One story Mr. Cole likes to retell, according to an ex-staff member, involves former Rep. Carroll Hubbard. In the story, the Democratic lawmaker cajoles Paul A. Volcker, then chairman of the Federal Reserve Board, into visiting his Kentucky district. However, when the famously low-profile Fed chief arrives, he is mortified to find downtown Mayfield decked out in balloons and banners welcoming him.
Mr. Cole was a Fed lobbyist and lawyer for 11 years before joining the banking panel's staff in 1986.
Sources said Rep. Leach has high regard for Mr. Cole's Fed experience. Rep. Leach has long tried to boost the Fed's role as a bank regulator. His Glass-Steagall repeal would have made the Fed the primary supervisor for financial services companies owning both banks and securities firms.

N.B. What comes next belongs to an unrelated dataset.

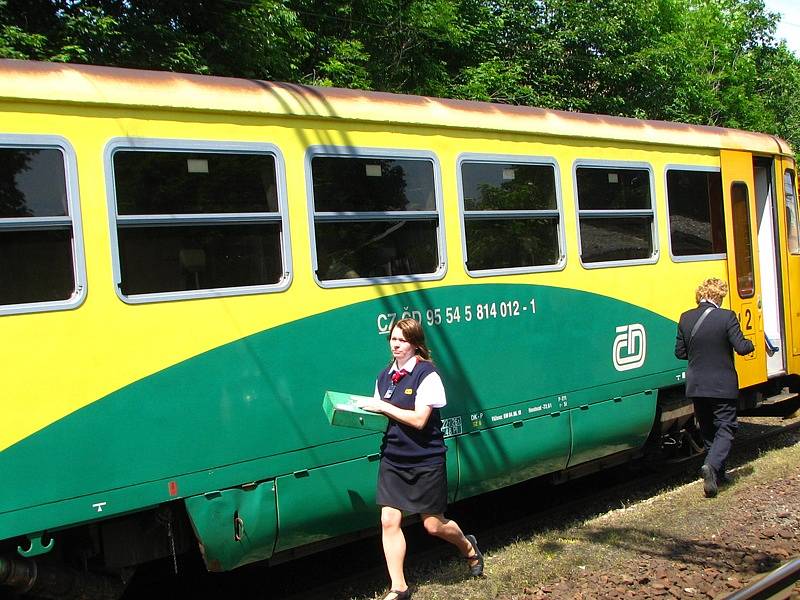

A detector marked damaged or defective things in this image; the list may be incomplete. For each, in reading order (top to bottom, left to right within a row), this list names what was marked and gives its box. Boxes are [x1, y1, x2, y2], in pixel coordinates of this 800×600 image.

Throughout this year's torrent of industry lobbying, redrafted bills, and canceled committee votes - as well as heavy criticism of Rep. Leach - Mr. Cole remained fiercely loyal to his boss.
Sources complained that Rep. Leach too often failed to heed, or even seek, Mr. Cole's political counsel before launching legislative initiatives. The result, they said, was that the panel's other Republicans failed to support many of the chairman's high-profile initiatives.
Examples of Rep. Leach's approach abound, including his feud with Comptroller of the Currency Eugene A. Ludwig over expanding bank powers and his determined push to create uninsured wholesale financial institutions despite widespread opposition in his committee.
Many lawmakers also were baffled by Rep. Leach's surprise call last October for Fannie Mae and Freddie Mac to pick up the $790 million annual tab for Financing Corp. bonds used to bail out the thrift industry in the late 1980s. The plan, announced late on a Friday, was dead by Monday after being dismissed by Treasury officials and lawmakers.
It was Mr. Cole who put out the word to the administration and other lawmakers and who justified the surprise move.
"He defended the tactic," said a congressional staff member. "He argued that Rep. Leach didn't want to give Fannie or Freddie time to lobby against the proposal before it was announced. It didn't work, but you have to give the guy high marks for advocating Rep. Leach's position."
Although many staff employees and lobbyists have criticized Rep. Leach's lack of political finesse, Mr. Cole's political instincts are widely praised.
"Tony was an outstanding staff director for me," said Chalmers Wylie, the Banking Committee's ranking Republican during the thrift crisis. "One of the luckiest days for me was when I asked him to come on the staff.
"We had major crises during this time. He rose to the challenge, so we on the Republican side were able to make major contributions to the solution," said Mr. Wylie, now a Columbus, Ohio, lawyer.
During nearly a decade in the minority, Mr. Cole relished the opposition role when united House Republicans often joined with moderate Democrats. For instance, in 1994, committee Republicans teamed with Rep. Floyd Flake, D-N.Y., to win, over Clinton administration objections, deposit insurance rebates for banks that lend to low-income communities.
Such bipartisan cooperation has been rare during the two years Republicans have controlled Congress. Bickering with Democrats over the Community Reinvestment Act and consumer protection rules helped bog down Rep. Leach's sweeping financial modernization legislation.
Undaunted, Rep. Leach has vowed to resurrect his Glass-Steagall repeal measure if Republicans retain control of the House in next month's elections. If he does, Mr. Cole's political skills may be crucial to breaking the deadlock.